AUTHOR=Schmedes Sarah E. , King Jonathan L. , Budowle Bruce TITLE=Correcting Inconsistencies and Errors in Bacterial Genome Metadata Using an Automated Curation Tool in Excel (AutoCurE) JOURNAL=Frontiers in Bioengineering and Biotechnology VOLUME=3 YEAR=2015 URL=https://www.frontiersin.org/journals/bioengineering-and-biotechnology/articles/10.3389/fbioe.2015.00138 DOI=10.3389/fbioe.2015.00138 ISSN=2296-4185 ABSTRACT=

Whole-genome data are invaluable for large-scale comparative genomic studies. Current sequencing technologies have made it feasible to sequence entire bacterial genomes with relative ease and time with a substantially reduced cost per nucleotide, hence cost per genome.

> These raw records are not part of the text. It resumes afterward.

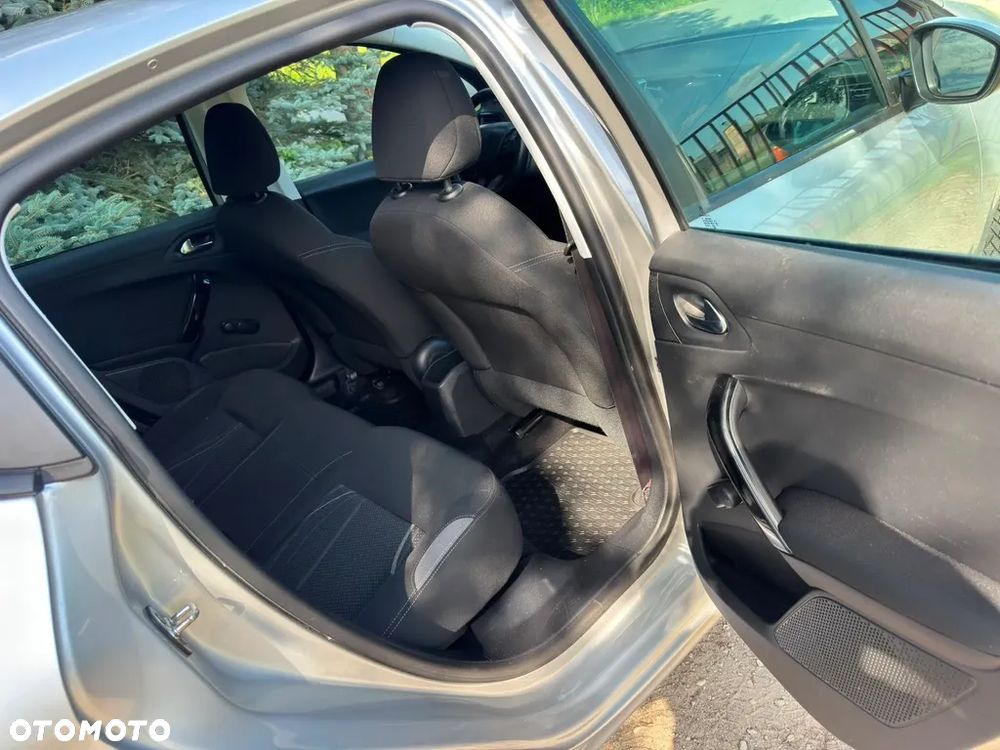 Peugeot 208 - 8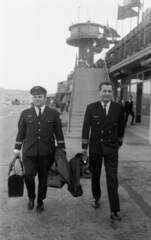 Hungary, Ferihegy (now - Ferenc Liszt) International Airport, Budapest XVIII., balra Szentgyörgyi Dezső MALÉV pilóta, egykor a Magyar Királyi Honvéd Légierő legtőbb igazolt győzelmet elérő vadászpilótája., 1969, Bojár Sándor, Budapest, Fortepan #179885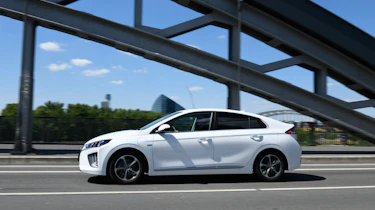 Hyundai Ioniq Plug-In 2020 pictures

More than 3,000 bacterial genomes have been sequenced and are available at the finished status. Publically available genomes can be readily downloaded; however, there are challenges to verify the specific supporting data contained within the download and to identify errors and inconsistencies that may be present within the organizational data content and metadata. AutoCurE, an automated tool for bacterial genome database curation in Excel, was developed to facilitate local database curation of supporting data that accompany downloaded genomes from the National Center for Biotechnology Information. AutoCurE provides an automated approach to curate local genomic databases by flagging inconsistencies or errors by comparing the downloaded supporting data to the genome reports to verify genome name, RefSeq accession numbers, the presence of archaea, BioProject/UIDs, and sequence file descriptions. Flags are generated for nine metadata fields if there are inconsistencies between the downloaded genomes and genomes reports and if erroneous or missing data are evident. AutoCurE is an easy-to-use tool for local database curation for large-scale genome data prior to downstream analyses.